Gros plan sur le biofilm

L’étude révèle aussi que les bactéries construisent leur bouclier de carbonate de calcium en utilisant du dioxyde de carbone et du calcium grâce à une enzyme appelée uréase. Cette enzyme favorise notamment la construction du minéral en réduisant l’acidité du milieu environnant. Quand les scientifiques ont introduit dans les cultures bactériennes de laboratoire une petite molécule bloquant cette enzyme, le carbonate de calcium ne s’est pas formé. « De nombreuses infections qui ne peuvent pas être traitées par antibiotique à cause de la résistance bactérienne pourraient un jour être traitables si nous arrivons à détruire les biofilms pour que les médicaments puisent se diffuser partout, » dit le Docteur Kolodkin-Gal.

Dans un futur immédiat, les découvertes de cette nouvelle étude peuvent être utilisées dans le diagnostic pour accélérer le traitement. L’imagerie peut révéler si les bactéries ont formé un biofilm dans le corps ; on peut alors prédire l’efficacité des antibiotiques contre l’infection.
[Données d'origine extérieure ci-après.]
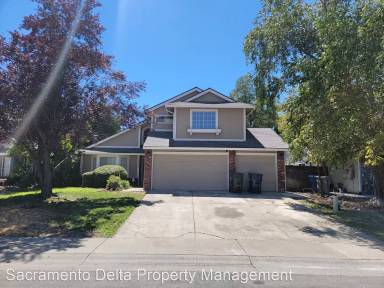 Main picture of 1022 Galleon Way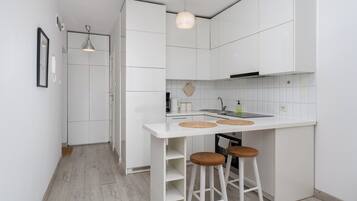 Refrigerador, horno, placa de cocina, lavavajillas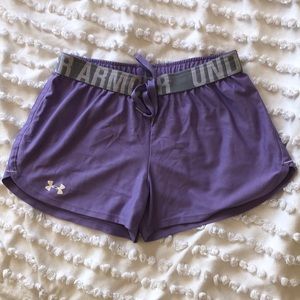 Under Armor Loose Heatgear Shorts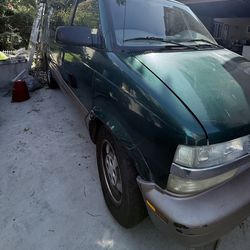 2003 Chevrolet Astro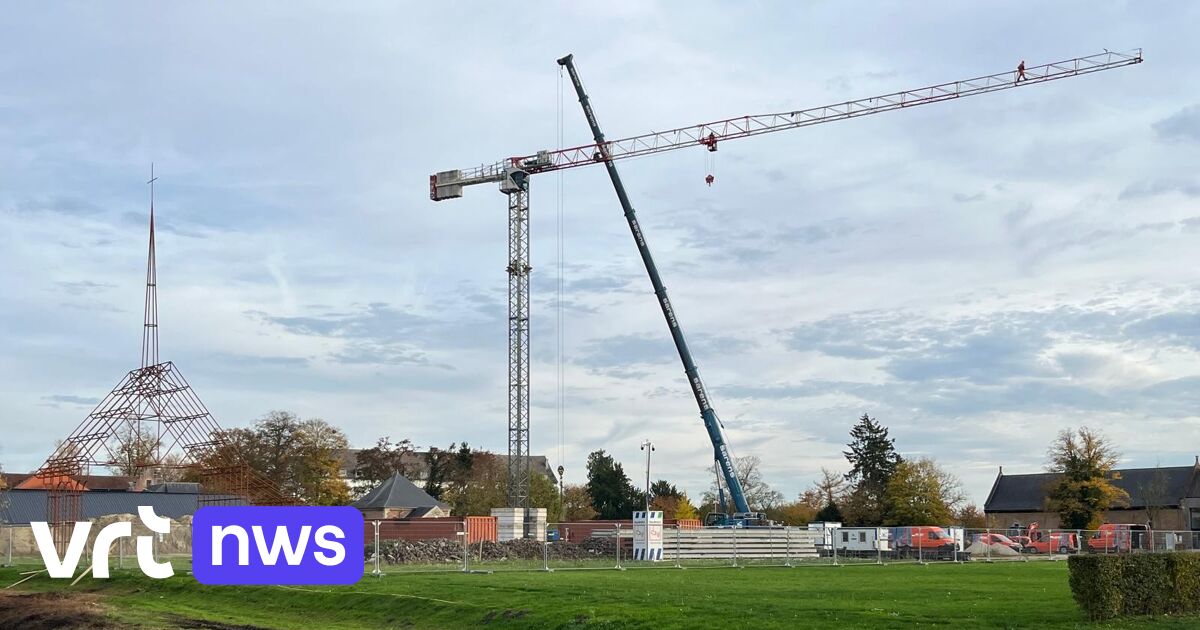Eerste elementen van kunstwerk Clausura geplaatst in abdij van Herkenrode: 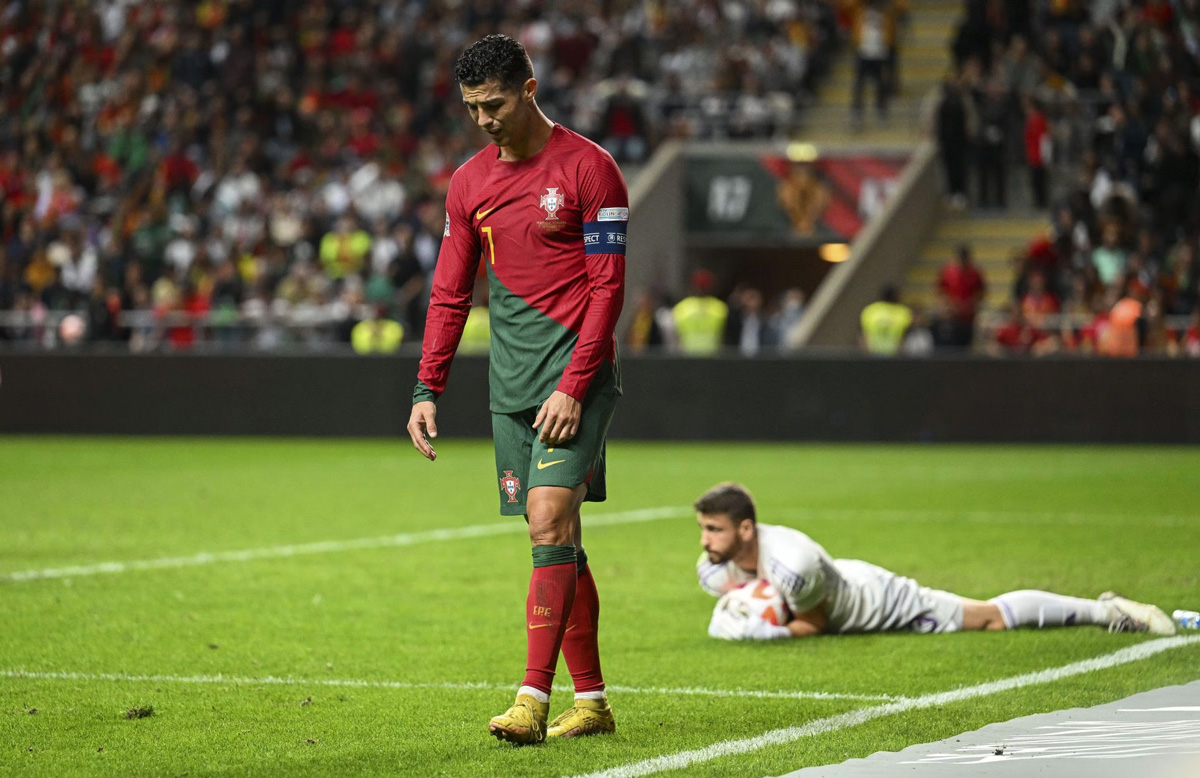 Giải khác - Messi hay Ronaldo có thể giải cơn khát World Cup? (Hình 3).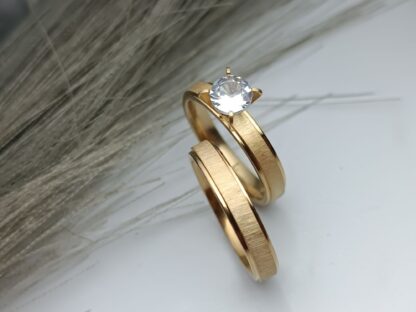 Ring together with single polished stone, matte finish, thickness 4mm (CODE: 00555)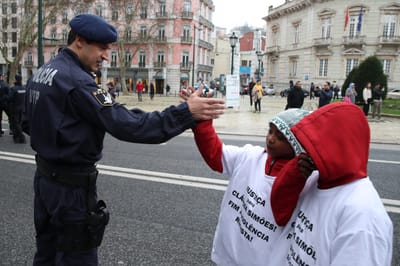 Centenas marcham em Lisboa contra o racismo e a violência policial - TVI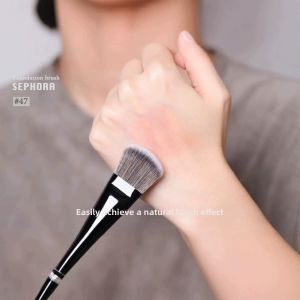 Affordable Flat Makeup Brush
Construire des structures avec des Biofilms Bactériens

Une image 3D de la barrière minérale protégeant un biofilm bactérien obtenue par tomographie à rayons X de haute résolution

Comprendre la façon dont le carbonate de calcium est créé dans les biofilms bactériens peut aussi permettre d’atteindre le but opposé : au lieu de détruire les biofilms, cela peut permettre aux scientifiques de trouver des façons de les construire sur demande – par exemple, pour concevoir un béton auto-cicatrisant. Les Docteurs Kolodkin-Gal, Keren-Paz et des scientifiques du Royaume-Uni – le Professeur d’Architecture Martyn Dade-Robertson de l’Université de Newcastle et le Docteur en Biologie Meng Zhang de l’Université de Northumbria – ont récemment étudié la faisabilité de ce scénario théorique dans un numéro spécial de Microbial Biotechnology consacré à la contribution de la biotechnologie bactérienne au développement durable.

En liant béton et bactéries, les scientifiques suggèrent qu’il devrait être possible de réparer les fissures ou autres formes de dommages issus de l’érosion ou des mouvements de terrain. Les fissures seraient comblées par du carbonate de calcium généré par les biofilms bactériens. Atout supplémentaire : le processus utiliserait du dioxyde de carbone, aidant ainsi à contrebalancer l’accumulation de ce gaz à effet de serre !

Les recherches du Docteur Ilana Kolodkin-Gal sont financées par la Fondation de Famille David et Fela Shapell ; le Fond INCPM pour les Études Précliniques ; le Centre pour l’Assemblage et les Structures Biomoléculaires Helen et Milton A. Kimmelman ; l’Institut pour la Génétique Médicale de la Famille Kekst ; David E. et Sheri Stone, et la succession d’Helen Nichunsky. Le Docteur Kolodkin-Gal est détentrice de la Chaire perpétuelle pour le Développement de Carrière Rowland et Sylvia Schaefer.